Frères et sœurs, nous pouvons nous demander ce soir : en quel Dieu croyons-nous ? Au Dieu de l’incarnation ou au Dieu de la performance ? Oui, parce que nous risquons de vivre Noël avec une idée païenne de Dieu dans la tête, comme s’il s’agissait d’un maître puissant qui se trouve au ciel ; un dieu qui est lié au pouvoir, au succès mondain et à l’idolâtrie du consumérisme.

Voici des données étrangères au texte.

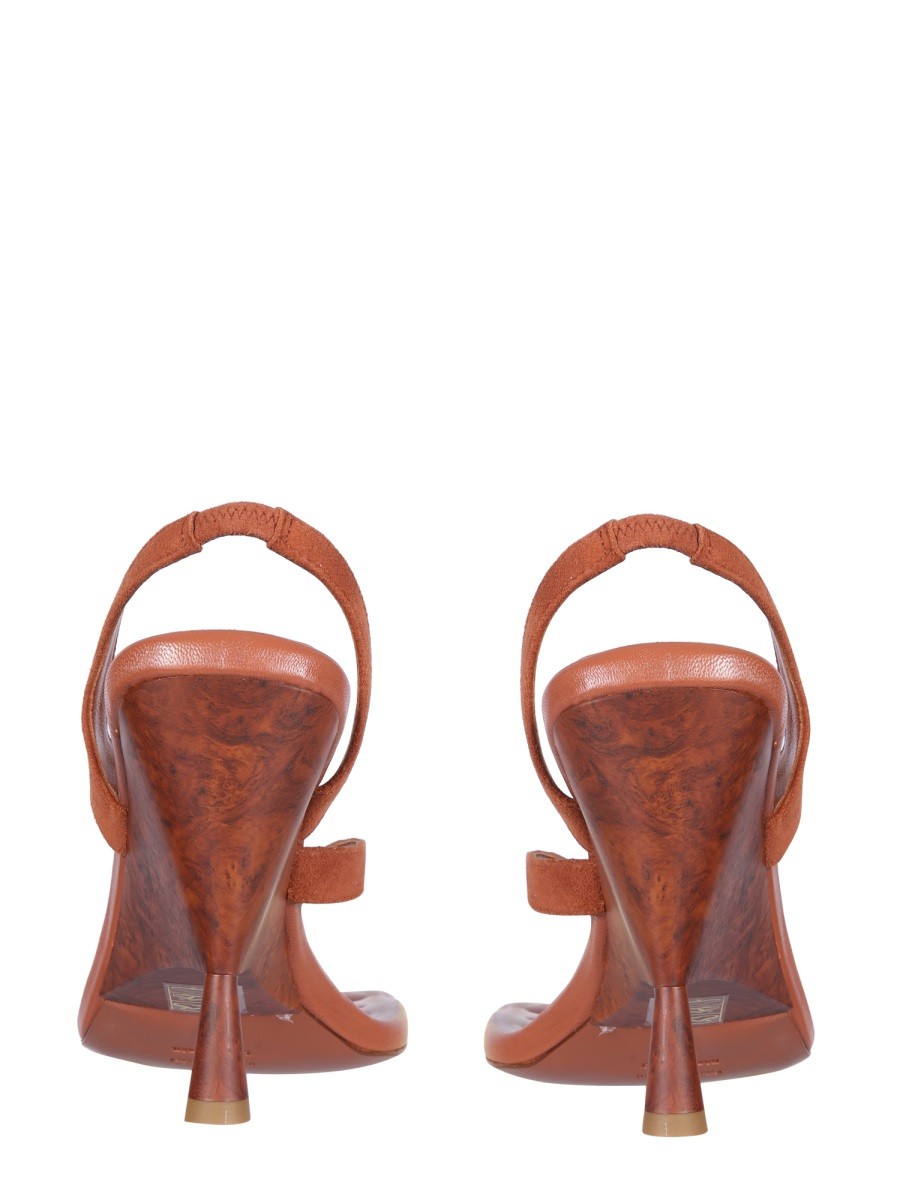 rosie-12-footbed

Toujours revient la fausse image d’un dieu détaché et susceptible, qui se comporte bien avec les bons et se fâche avec les mauvais ; d’un dieu fait à notre image, utile seulement pour résoudre nos problèmes et supprimer nos maux. Lui, par contre, n’utilise pas de baguette magique, il n’est pas le dieu commercial du « tout et tout de suite ». Il ne nous sauve pas en appuyant sur un bouton, mais il est proche de changer la réalité de l’intérieur. L’idée mondaine d’un dieu distant et contrôlant, rigide et puissant, qui aide les siens à l’emporter sur les autres! Cette image est si souvent ancrée en nous. Mais il n’en est pas ainsi : il est né pour tous, lors du recensement de toute la terre.

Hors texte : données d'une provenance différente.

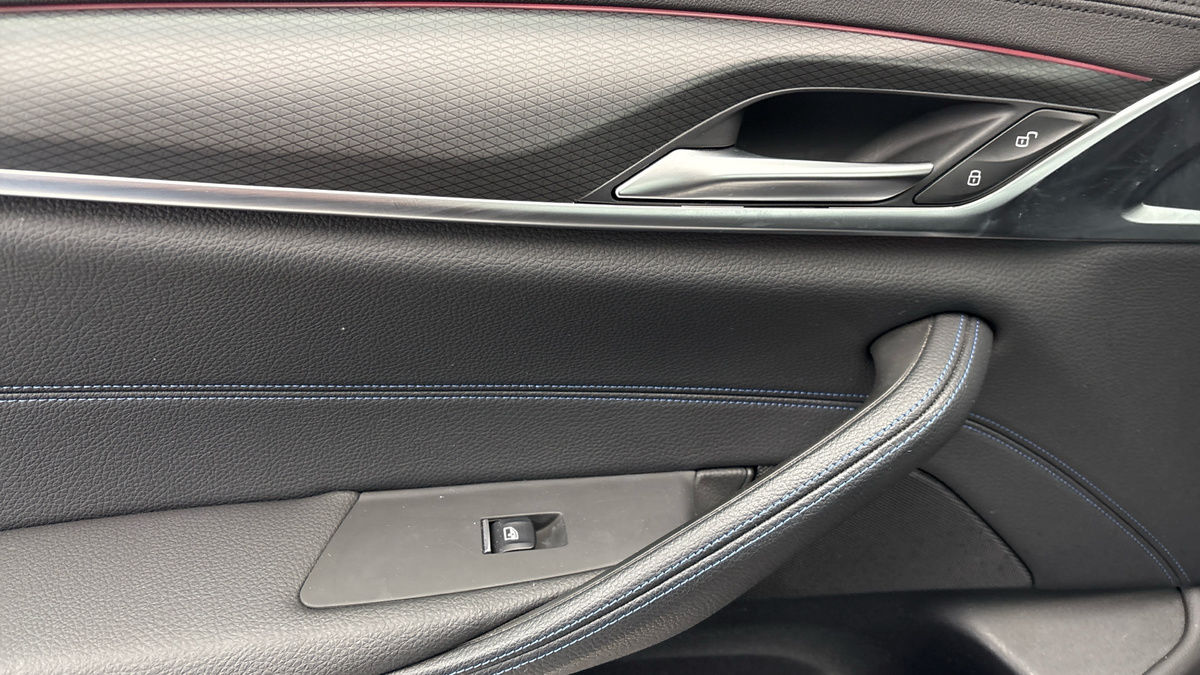 BMW 5 Series Image 19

Tournons-nous donc vers le « Dieu vivant et vrai » (1 Th 1,9) : vers Lui, qui est au-delà de tout calcul humain et qui pourtant se laisse compter par notre comptage ; vers Lui, qui révolutionne l’histoire en l’habitant ; vers Lui, qui nous respecte au point de nous permettre de le rejeter ; vers Lui, qui efface le péché en le prenant sur lui, qui n’enlève pas la douleur mais la transforme, qui n’enlève pas les problèmes de nos vies mais leur donne une espérance plus grande que les problèmes. Il désire tellement embrasser nos vies que, infini, il devient pour nous fini ; grand, il devient petit ; juste, il habite nos injustices. Frères et sœurs, voilà la merveille de Noël : non pas un mélange d’affections sentimentales et de confort mondain, mais la tendresse sans précédent de Dieu qui sauve le monde en s’incarnant. Regardons l’Enfant, regardons sa mangeoire, regardons la crèche, que les anges appellent « le signe » (Lc 2,12) : c’est bien le signe révélant le visage de Dieu, qui est compassion et miséricorde, tout-puissant toujours et seulement dans l’amour.

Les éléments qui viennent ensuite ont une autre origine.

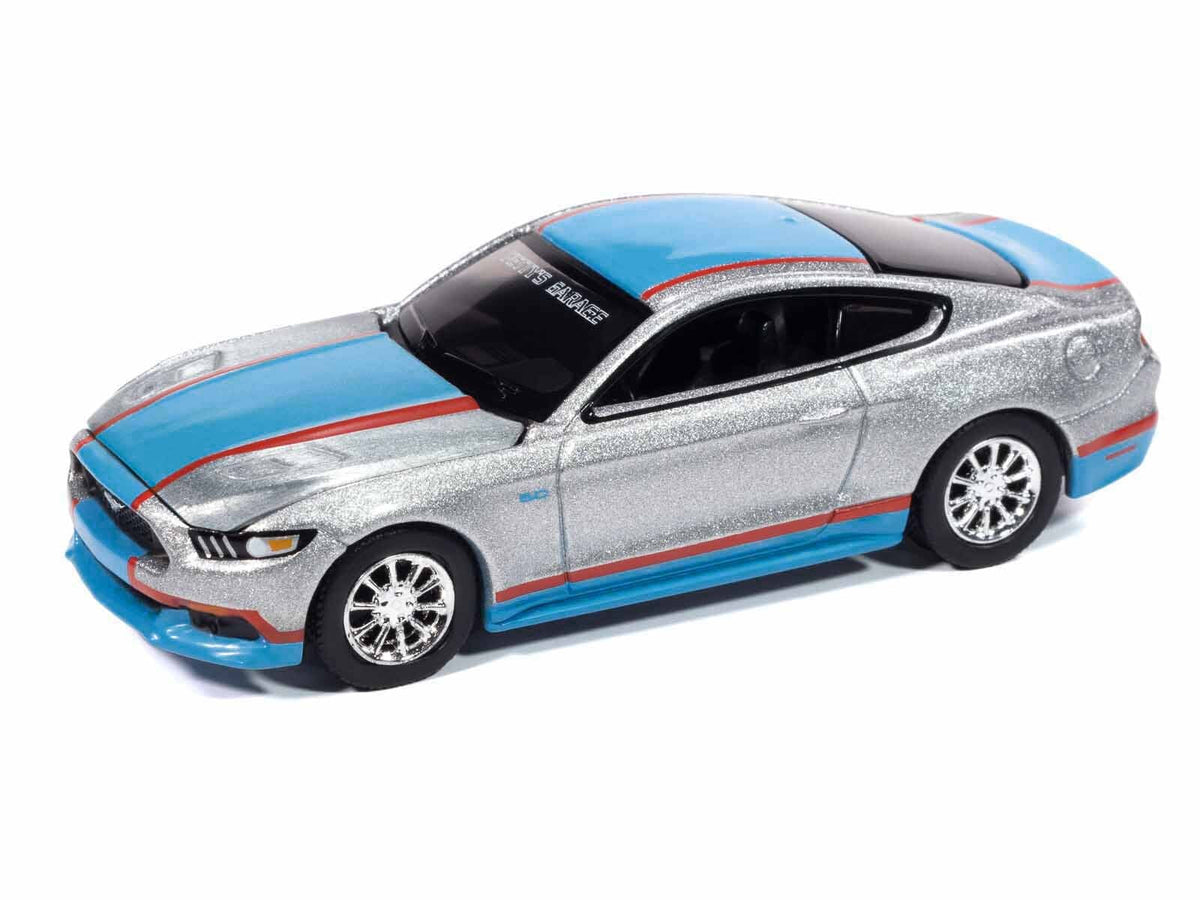 Auto World 2017 Petty's Garage Mustang GT Tribute Edition in Ingot Silver with blue and red stripes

Il se fait proche, tendre et compatissant, c’est la manière d’être de Dieu : proximité, compassion, tendresse.
Sœurs, frères, émerveillons-nous car « il s’est fait chair » (cf. Jn 1,14). Chair : un mot qui rappelle notre fragilité et que l’Évangile utilise pour nous dire que Dieu est entré au plus profond de notre condition humaine. Pourquoi est-il allé si loin ? – parce qu’il se soucie de nous, parce qu’il nous aime tellement qu’il nous considère comme plus précieux que tout. Frère, sœur, pour Dieu qui a changé l’histoire lors du recensement, tu n’es pas un numéro, mais tu es un visage ; ton nom est inscrit dans son cœur. Mais toi, si tu regardes ton cœur, si tu vois que tu n’es pas à la hauteur, si tu regardes le monde qui juge et ne pardonne pas, peut-être que tu vis mal ce Noël, que tu penses que tu n’es pas à la hauteur, que tu nourris un sentiment d’inadéquation et d’insatisfaction à cause de tes fragilités, de tes chutes, de tes problèmes et de tes péchés. Mais aujourd’hui, laissez l’initiative à Jésus, qui vous dit : « C’est pour vous que je me suis fait chair, c’est pour vous que je suis devenu semblable à vous ». Pourquoi restez-vous dans la prison de vos chagrins ? Comme les bergers qui ont quitté leurs troupeaux, quittez l’enclos de vos mélancolies et embrassez la tendresse de l’enfant Dieu.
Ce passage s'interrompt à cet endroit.